[[ Supplied entries, beginning ]]

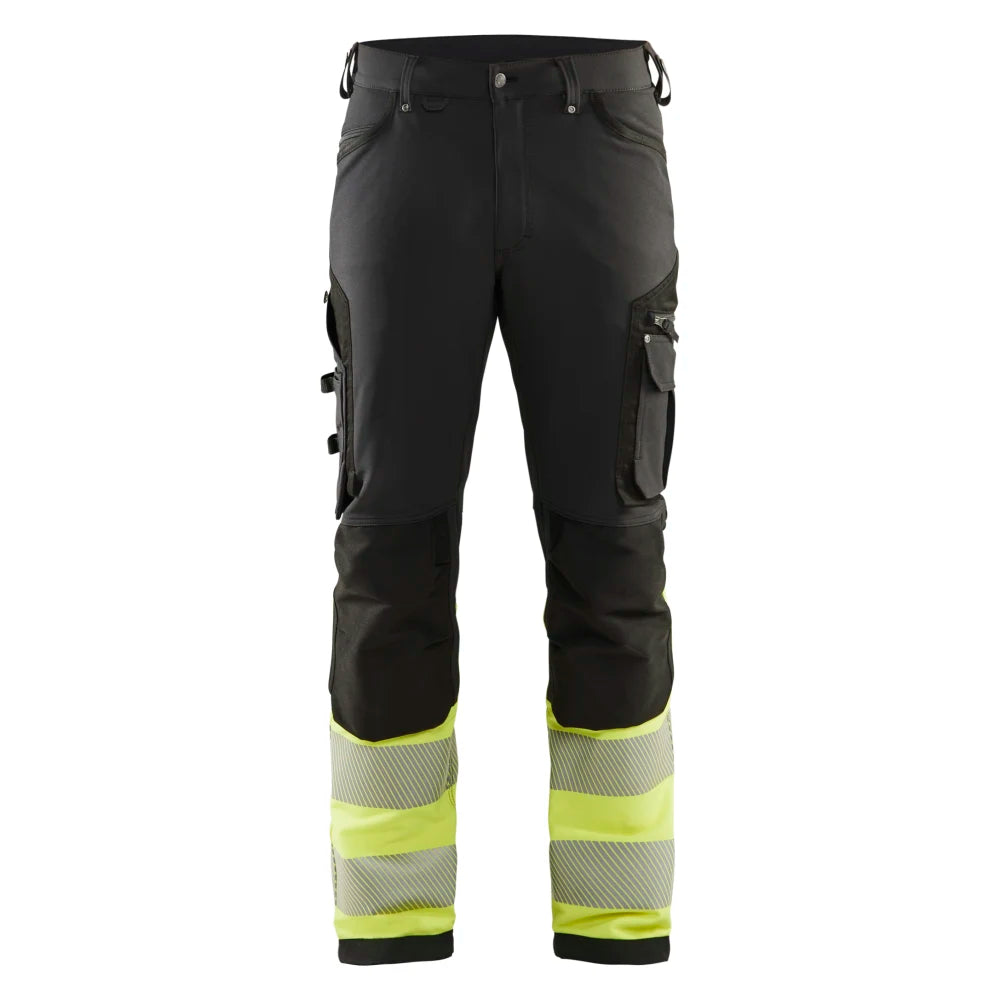 Blaklader 1193 1642 High Vis Werkbroek 4-Weg Stretch Zwart High Vis Geel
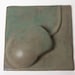 Ceramic Stoneware Tile 5 Inch Green Computer Mouse Unique
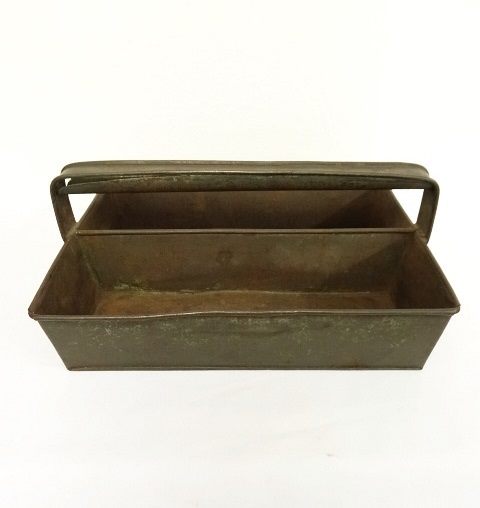 画像: ハンドル付き スチール ボックス (ANTIQUE) 「Antique Goods」 入荷しました。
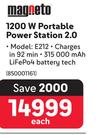Magneto 1200W Portable Power Station 2.0 E212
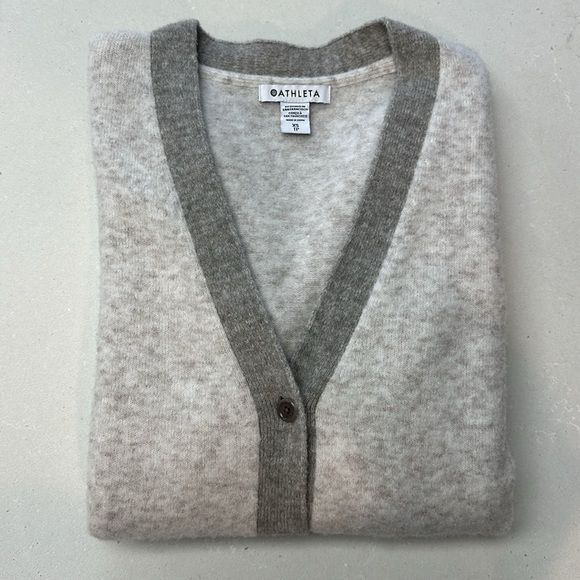 LIKE NEW! Athleta Westlake Cardigan Wool Blend Hand Wash - Picture 8 of 8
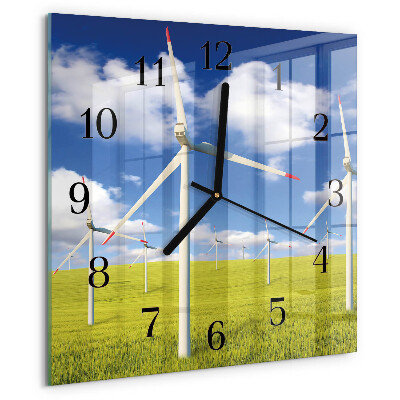 Square wall clock Wind Farm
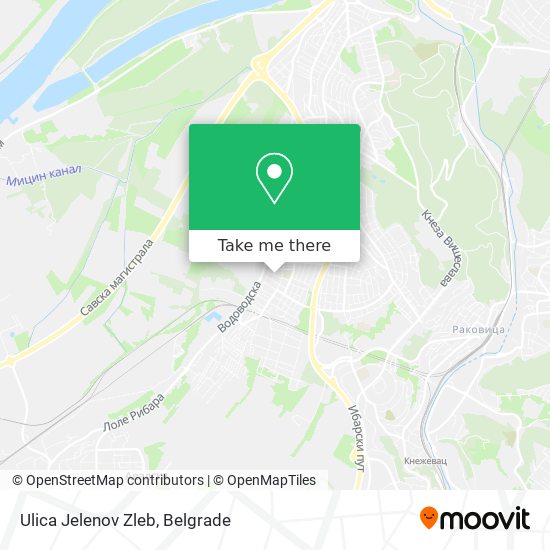 Ulica Jelenov Zleb map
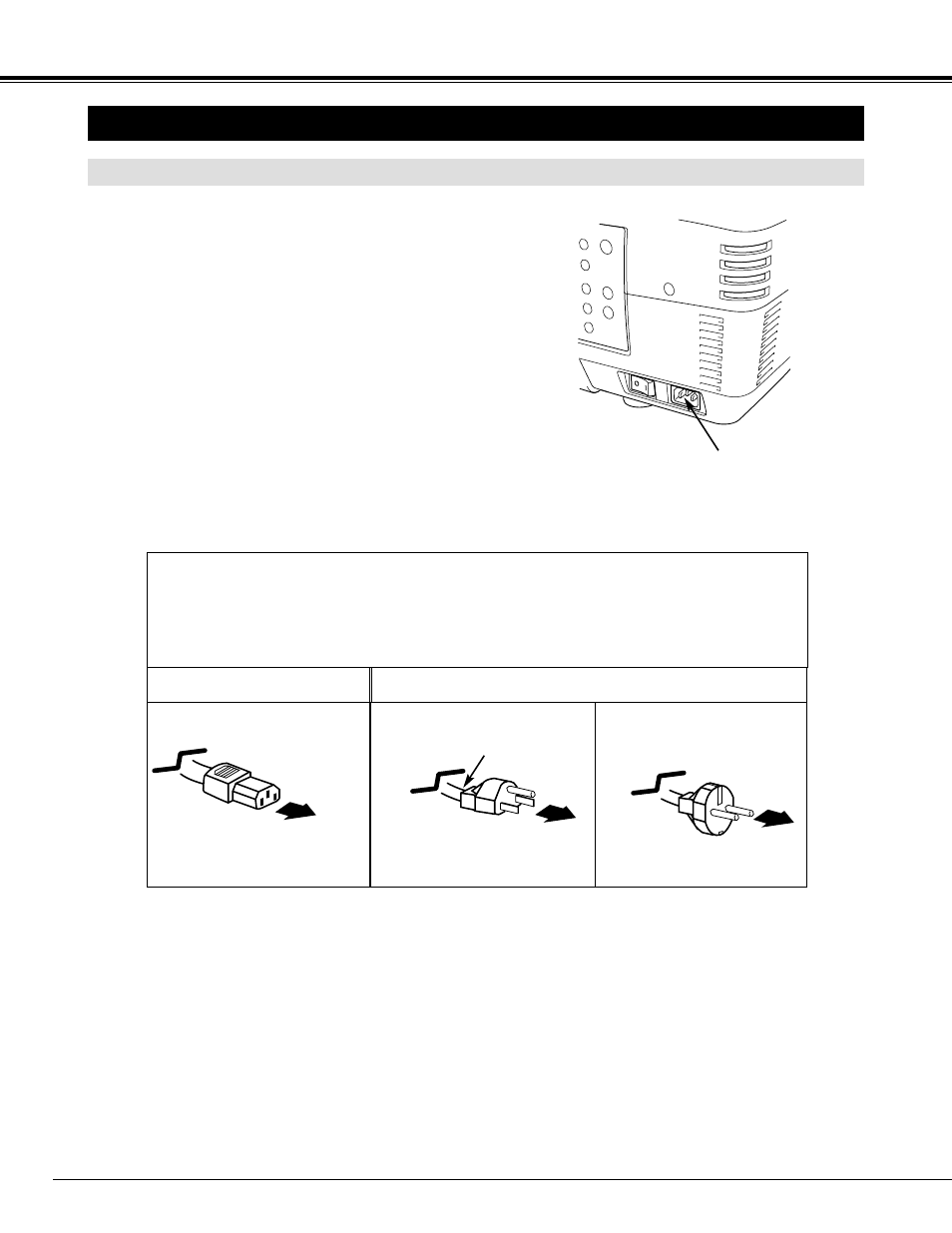 Setting-up projector, Preparation, Connecting ac power cord | Projector side ac outlet side | Christie Digital Systems 38-RS1002-01 User Manual | Page 8 / 52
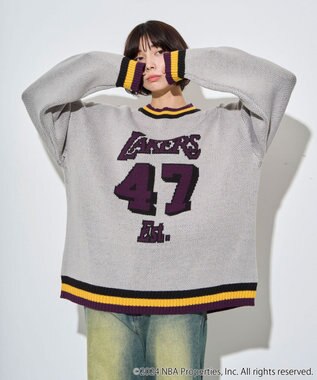  【ユニセックス着用ITEM】別注NBAジャガードプルオーバー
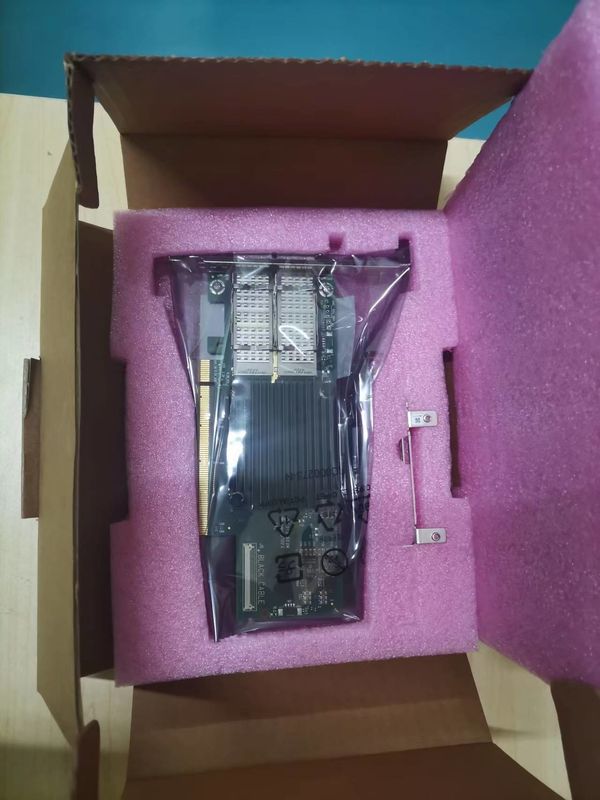 100g HDR Infiniband Mellanox 100gb Nic Interfaccia di rete QSFP56 MCX653106A-ECAT MCX653106A-ECAT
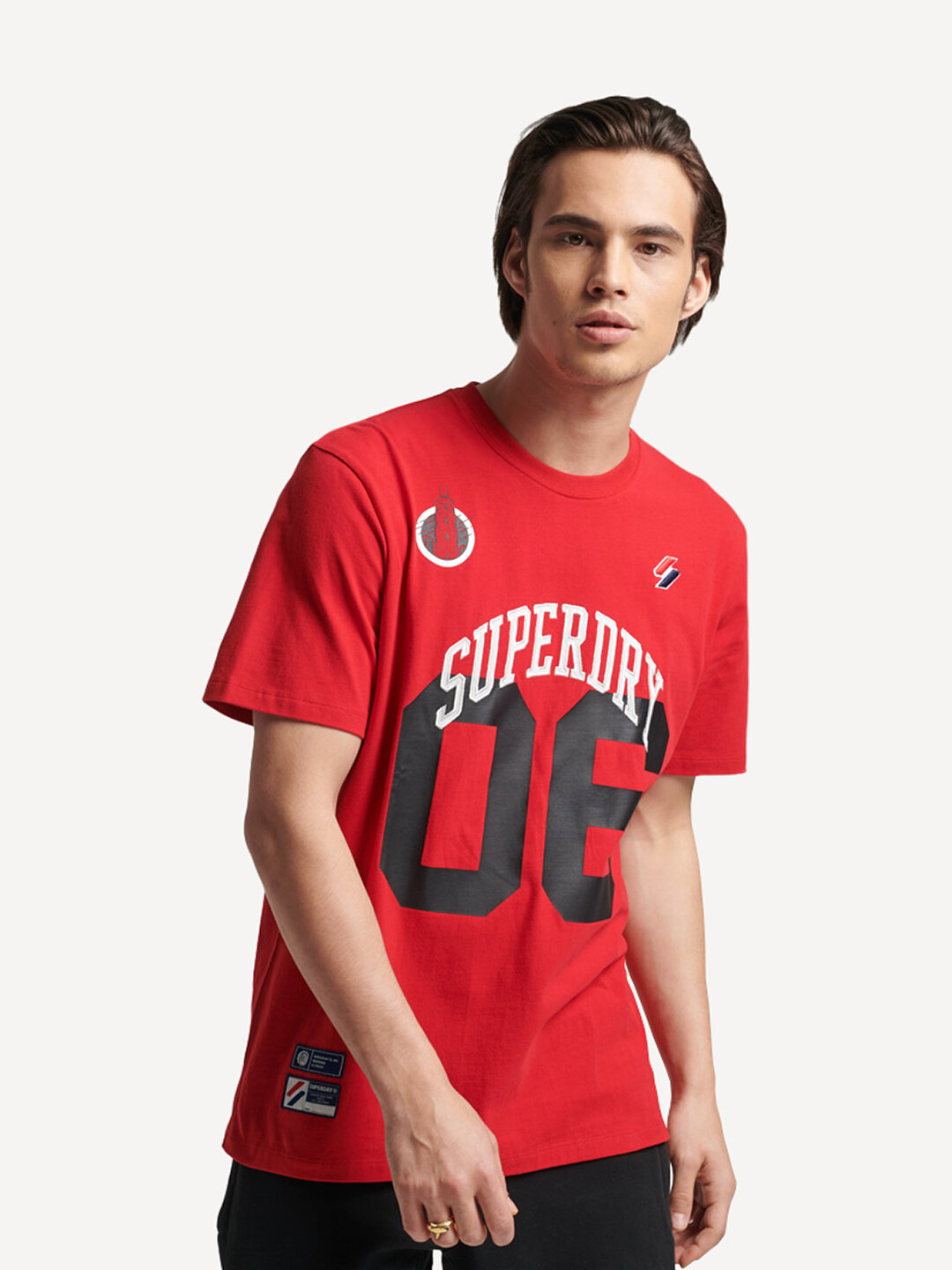 

Футболка мужская Superdry VARSITY ARCH TEE красная XL, VARSITY ARCH TEE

[[ Supplied entries, end ]]

What you have to do —
Print exactly the lines from the first line of the records above through the line containing "Ulica Jelenov Zleb map", both included, and leave the pictures out.

Answer section —
 Blaklader 1193 1642 High Vis Werkbroek 4-Weg Stretch Zwart High Vis Geel
 Ceramic Stoneware Tile 5 Inch Green Computer Mouse Unique
 画像: ハンドル付き スチール ボックス (ANTIQUE) 「Antique Goods」 入荷しました。
Magneto 1200W Portable Power Station 2.0 E212
 LIKE NEW! Athleta Westlake Cardigan Wool Blend Hand Wash - Picture 8 of 8
 Square wall clock Wind Farm
 Ulica Jelenov Zleb map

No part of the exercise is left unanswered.